● **DATA SECTION**
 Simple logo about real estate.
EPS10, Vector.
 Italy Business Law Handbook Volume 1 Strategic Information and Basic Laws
* * *
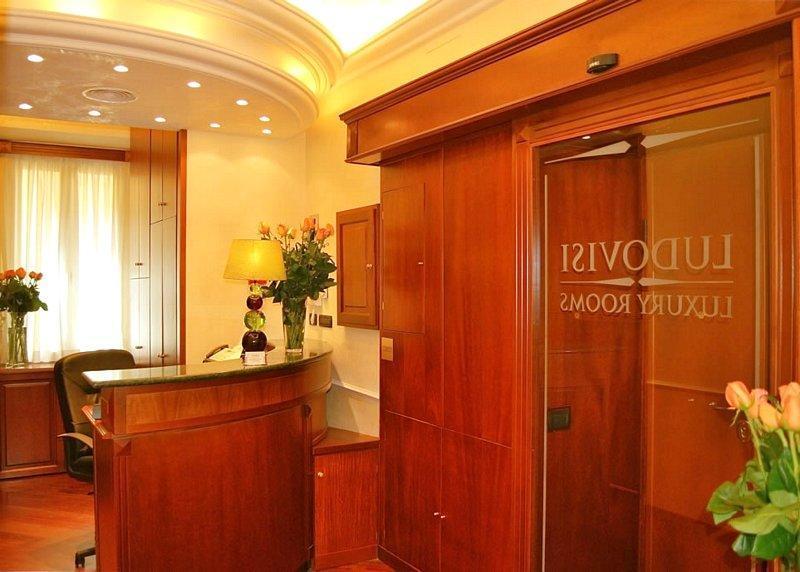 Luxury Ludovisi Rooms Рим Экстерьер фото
* * *
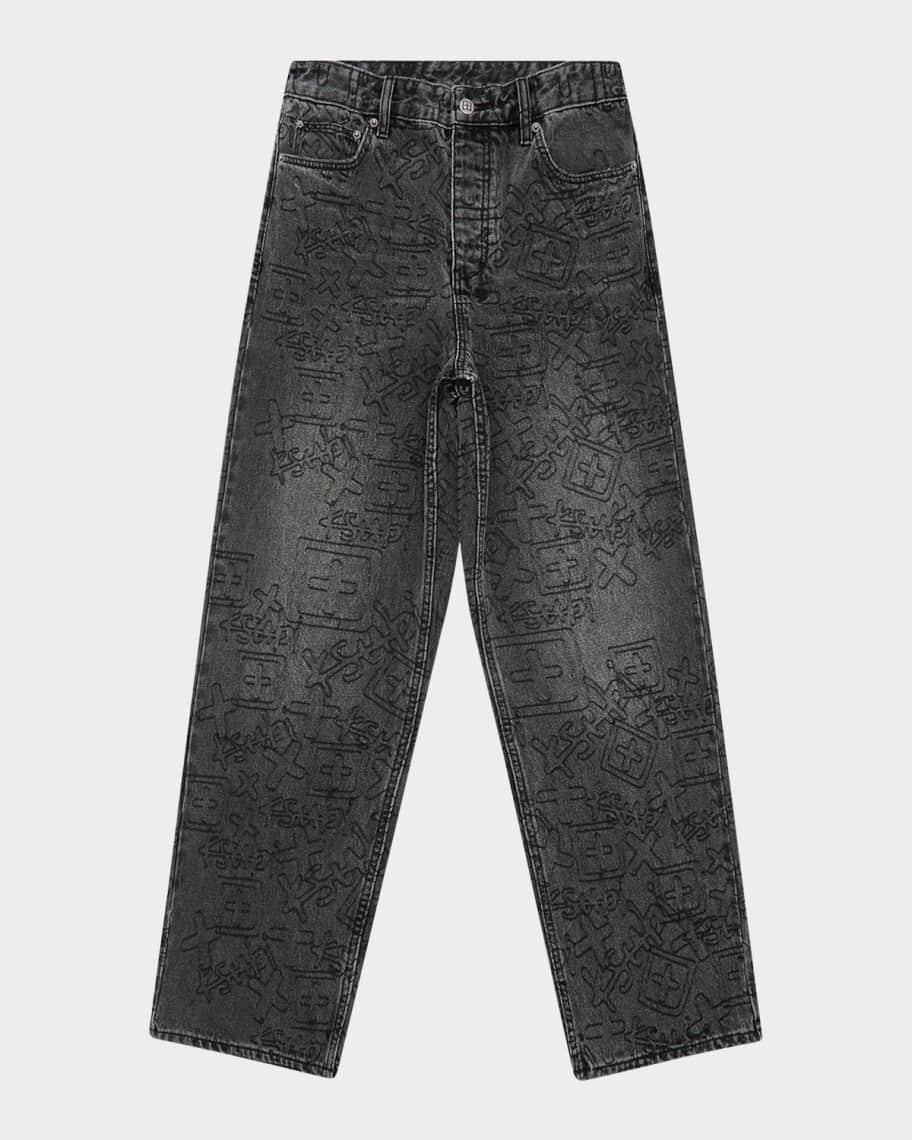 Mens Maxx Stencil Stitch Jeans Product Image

● **WORK REQUEST**
Print the lines above from the one with "Simple logo about real estate." through the one with "Italy Business Law", both included, exactly as written and nothing more.

● **EXERCISE RESULT**
 Simple logo about real estate.
EPS10, Vector.
 Italy Business Law Handbook Volume 1 Strategic Information and Basic Laws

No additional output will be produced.